Strong muscles support our bones and joints. Collectively this helps to maintain the structural stability of the body which, for example, can help to reduce the risk of falling.
You can head to the gym and pump iron or join classes such as kettle bells and body pump, or turn to your everyday activities, to work and load your muscles.
Or you might like to invest in a few weights and follow one of the many online classes and tutorials available on YouTube.
Rather like with muscles, bones can be strengthened with targeted activity.
Think activities like pounding the pavement, skipping, aerobics, dancing and jumping. Or simply stomping, marching, or jumping up and down on the spot will do the trick.
The intention is to build load bearing activities into your regime, to help ward off bone loss, increase bone density and to strengthen ligaments and joints.
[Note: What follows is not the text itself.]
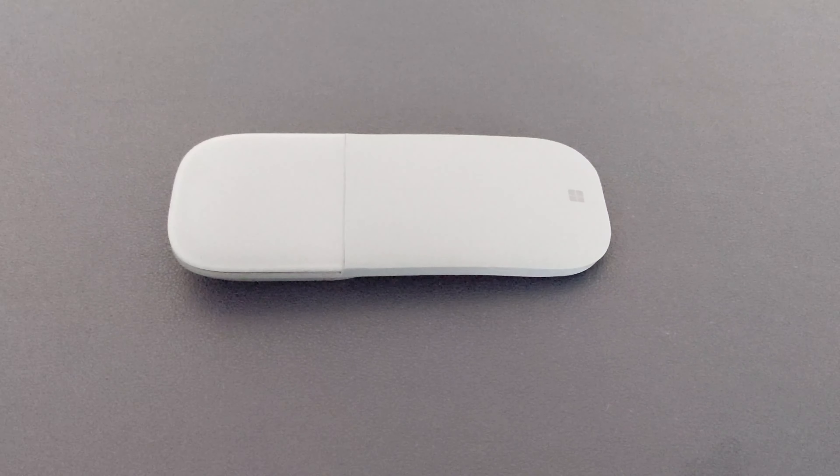How to turn on the Microsoft Surface Arc. Now it's over there, you can see the light.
An article in the National Library of Medicine, describes a study conducted on pre-menopausal women aged 25 to 50. The study found that jumping, 10 to 20 times, twice daily, yielded an increase to hip bone density – in just 16 weeks.
Target your weak spots
I would imagine that many of you reading this will have sustained a few injuries over the years. Some of which may have come back to haunt you as you have got older or as a result of the menopause.
As a yoga teacher, I have met many people on the mat who share with me their niggle points and when I ask them what they are doing about it, they look at me blankly.
Whilst not everything can be fixed, there are many things than can be.
Personal Trainers, Physiotherapists and Osteopaths, or practices such as yoga, pilates, and somatics, can be of great support in targeting and supporting pain points that may have become more cumbersome as we have got older.
Don’t ignore your pelvic floor
Similarly, one we all should be focusing on is of course the pelvic floor. Targeted exercises can support the muscles of the pelvic floor, ward off urinary dysfunction and maintain sexual arousal and satisfaction.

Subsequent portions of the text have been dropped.